I hate snakes.
I hated them before Indiana Jones hated them.
And when I learned that there were spitting cobras in Zambia, I prayed that I would never even see one.
We were in Zambia to care for patients at Mukinge Hospital for about a month, and the eye specialist, a Zambian, told us about these snakes. The spitting cobra spits, or sprays, his venom into the eyes of his victim, up to a distance of 8 feet with remarkable accuracy. This low dose of venom does not kill. It only blinds, often permanently. Afterwards, the serpent comes in for the kill, able to take his time before he sinks his fangs into the victim’s body, injecting a lethal dose of venom that results in blood, organ, and neurologic damage and, eventually, death.
I never saw a snake there at all, but I was always scanning the bushes and brush as I walked to and from the hospital, especially at night. God was gracious to me.
Our great adversary, Satan, the devil, that great serpent, works in much the same way. He attempts to spray blinding venom into our eyes, and if he is able to do it, rendering us temporarily and then permanently blind, the blindness eventually results in death. And as long as the victim is blind, it really does not matter when death occurs. Satan will come in for the final kill at his leisure. Who cares when the victim dies, as long as he is dying and eventually dies?
Satan’s strategy is always based on blinding the eyes of his victims. His bag of tricks always includes deception and deceit; he is the father of lies, as Jesus said. He is also a murderer. So, lying and killing, blinding and murdering, are the strategies he employs.
To combat Satan, we must know about him and his schemes in order that he not gain the advantage over us (II Corinthians 2:11).
I. The Bible takes Satan seriously, and so must we.
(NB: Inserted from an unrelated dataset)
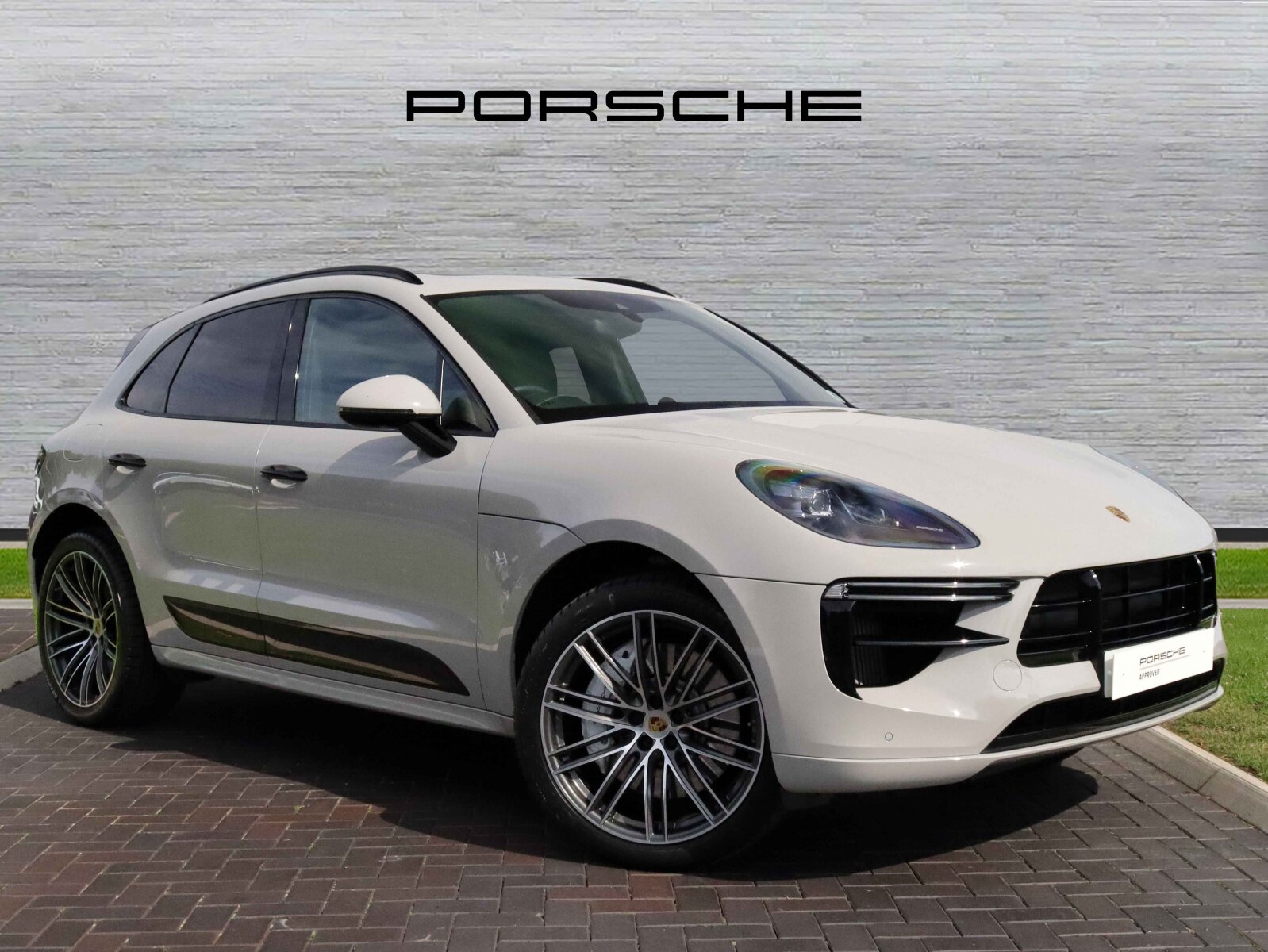 Main listing image - Porsche Macan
He is real and he is powerful, but he is not God. We tend to make one of two mistakes about the devil. We may underestimate his power, thinking he is non-existent or some kind of cartoonish character, either way of no real threat or significance to us. Or, we overestimate his power, knowledge, and presence, giving him credit for far more than he is capable of doing, thus resulting in a servile fear of him. Genesis 3:15 sets up the reality for us: Satan bruised the heel of Jesus, but Jesus crushed his head. Satan is powerful, he is real (just as evil and hell are real), and he is our mortal enemy. Satan hates God, he hates Jesus, and he hates his followers. He hates you. He hates your marriage and family, your children, and your church. He will do all he can to destroy you and anything good. But, and I say it again, but, Jesus is far more powerful than Satan. On the cross, and with his resurrection from the dead, Jesus has already defeated Satan; he has crushed him. And, Satan cannot touch us without God’s allowing it, nor can he ever ultimately destroy those who belong to Jesus Christ. He may inflict great pain and suffering, but he cannot ultimately do you any harm. Satan is limited by God in both his timeframe and his scope of action. Do not cower before him, but realize that you are no match for him on your own. You are safe only in the cover that Jesus gives you.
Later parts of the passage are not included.